Cute bun, love her dress!


----------



## WimexSeven (Nov 12, 2019)

Ghostbird said:


> Cute bun, love her dress!


Thank you so much!


----------



## Infrarednexus (Nov 12, 2019)

Here's a little drawing I made years ago


----------



## WimexSeven (Nov 12, 2019)

Infrarednexus said:


> Here's a little drawing I made years ago
> 
> View attachment 75065


This is amazing! The amount of detail you added for the mechanical parts is just astounding! I'm weak for mechs!!


----------



## Photy (Nov 14, 2019)

Here are couple of my recent pieces. I am selling commissions and don't have any "don'ts" in my drawing list.
So I would be very happy if you like my arts!
For any questions you can contact me at any time!


----------



## WimexSeven (Nov 15, 2019)

Photy said:


> Here are couple of my recent pieces. I am selling commissions and don't have any "don'ts" in my drawing list.
> So I would be very happy if you like my arts!
> For any questions you can contact me at any time!


Whoa, these are amazing! Your skill with mechs and armour is incredible! Such pretty lines!


----------



## Photy (Nov 15, 2019)

WimexSeven said:


> Whoa, these are amazing! Your skill with mechs and armour is incredible! Such pretty lines!


Ty <3 <3 <3


----------



## Photy (Nov 15, 2019)

WimexSeven said:


> Whoa, these are amazing! Your skill with mechs and armour is incredible!
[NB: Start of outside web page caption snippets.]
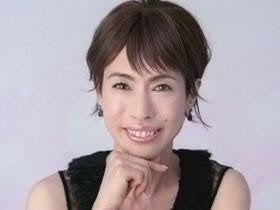 ショートヘアの襟足の髪が浮く😮‍💨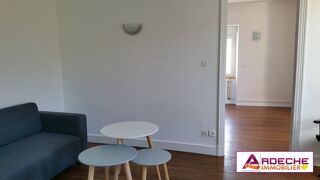  Appartement à louer 2 pièces 50 m²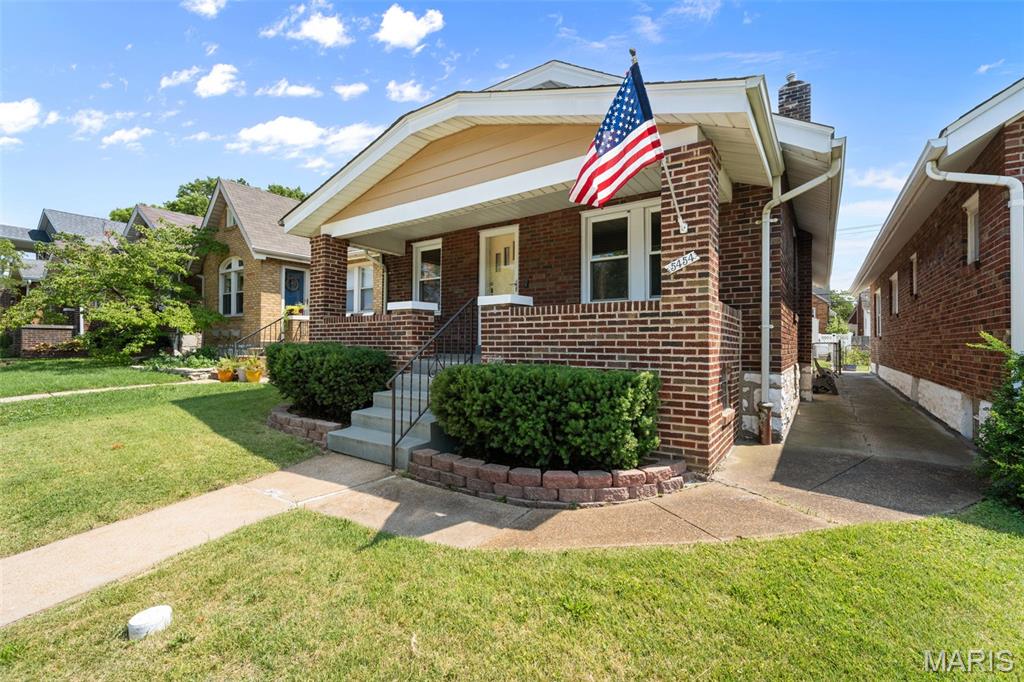 5454 Pernod Avenue Property Photo 3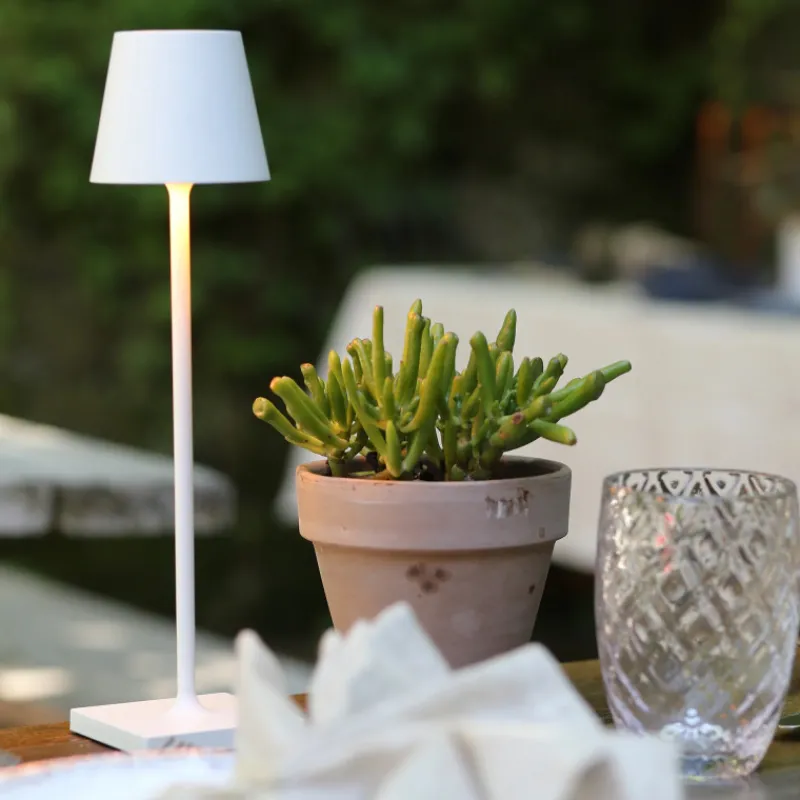 Lampes Et Suspensions<Zafferano Micro lampe de table Poldina Blanc,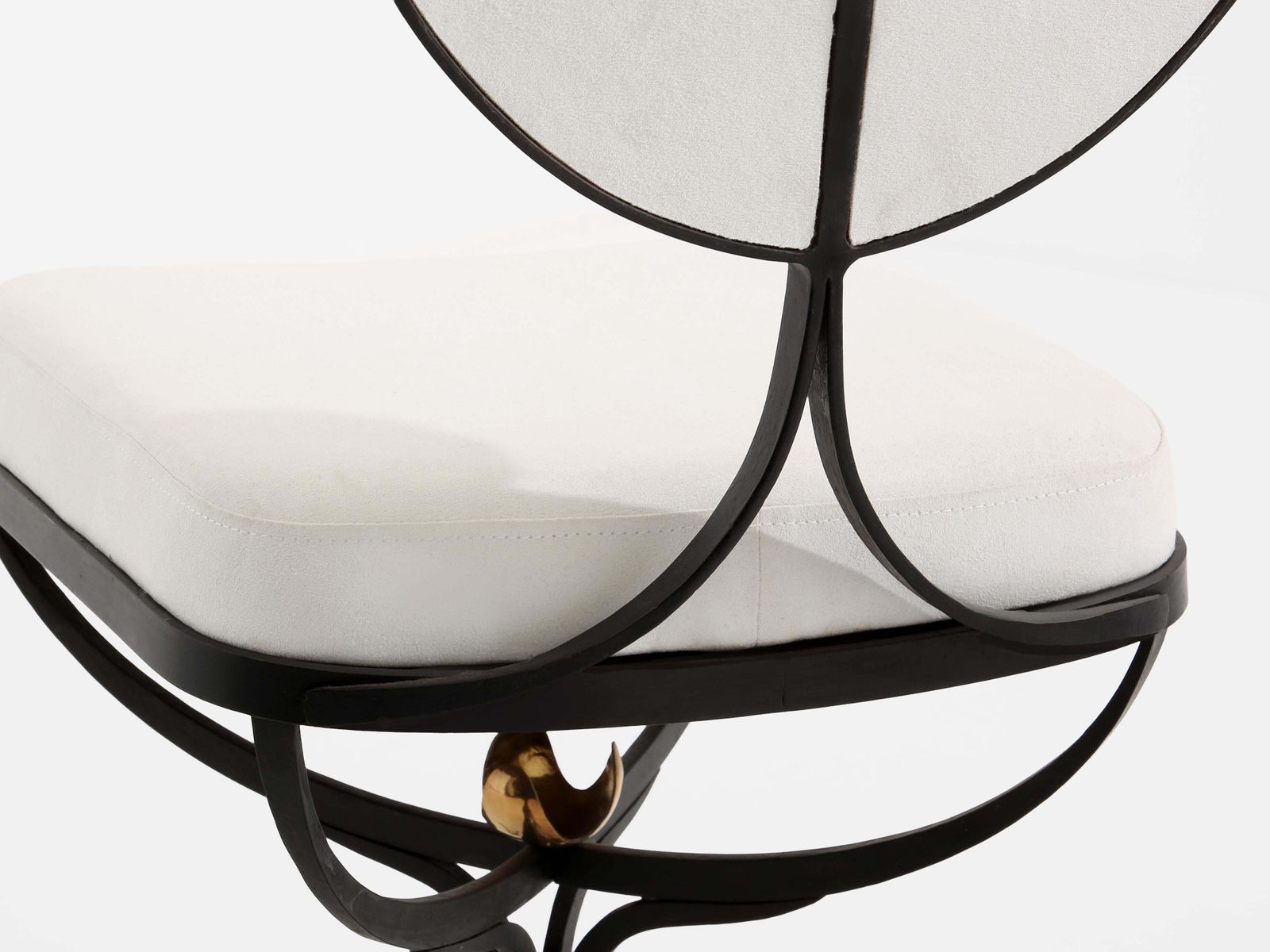 Mobilier Ensemble de 6 chaises brutalistes françaises en fer forgé et Alcantara, 1990 photo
Such pretty lines!


as far as I got few watchers and subscribers I begin thinking I'm bad artist :c


----------



## WimexSeven (Nov 15, 2019)

Photy said:


> as far as I got few watchers and subscribers I begin thinking I'm bad artist :c


That's just like me lol! Don't worry, keep going at it and keep drawing for yourself and just improving on your overall skill and people are sure to notice!


----------



## Amibo (Nov 15, 2019)

Your work is so cool!!


----------



## WimexSeven (Nov 15, 2019)

Amibo said:


> Your work is so cool!!


Ahhh thank you so much! <3


----------



## Photy (Nov 15, 2019)

WimexSeven said:


> That's just like me lol! Don't worry, keep going at it and keep drawing for yourself and just improving on your overall skill and people are sure to notice!


Thank you, dear <3


----------



## kuraiscreatures (Nov 15, 2019)

Photy said:


> as far as I got few watchers and subscribers I begin thinking I'm bad artist :c


Getting followers and such on FA is tricky and often requires a lot of luck.  Sometimes its best to ignore the numbers, even if its hard not to. @@;

The quality of work I've seen you post is quality, never think you're a bad artist. A lack of numbers just means not enough people have seen your works yet.


----------



## JesterKatz (Nov 15, 2019)

I guess I'll throw my hat into the ring. This is my most recent drawing, of Mangle from the _Five Nights at Freddy's_ series as a which witch. Long story short, it's inspired by a Halloween update in _Five Nights at Freddy's VR: Help Wanted._


----------



## WimexSeven (Nov 15, 2019)

JesterKatz said:


> I guess I'll throw my hat into the ring. This is my most recent drawing, of Mangle from the _Five Nights at Freddy's_ series as a which witch. Long story short, it's inspired by a Halloween update in _Five Nights at Freddy's VR: Help Wanted._


Nice! Your witch Mangle looks amazing! I love the expression she is giving! The green magic effect it super nice too!! Fantastic job!


----------



## SOM_TOCHKA_COM (Nov 16, 2019)

Oh, so you're a traditional artist! That's really cool! I myself enjoy drawing traditionally.
Also, I'm new on forums so I was struggling to add pictures to messages. :'D
You have a very nice linework, you really should try inking! I think, your art would look fantastic!


----------



## WimexSeven (Nov 16, 2019)

SOM_TOCHKA_COM said:


> Oh, so you're a traditional artist! That's really cool! I myself enjoy drawing traditionally.
> Also, I'm new on forums so I was struggling to add pictures to messages. :'D
> You have a very nice linework, you really should try inking! I think, your art would look fantastic!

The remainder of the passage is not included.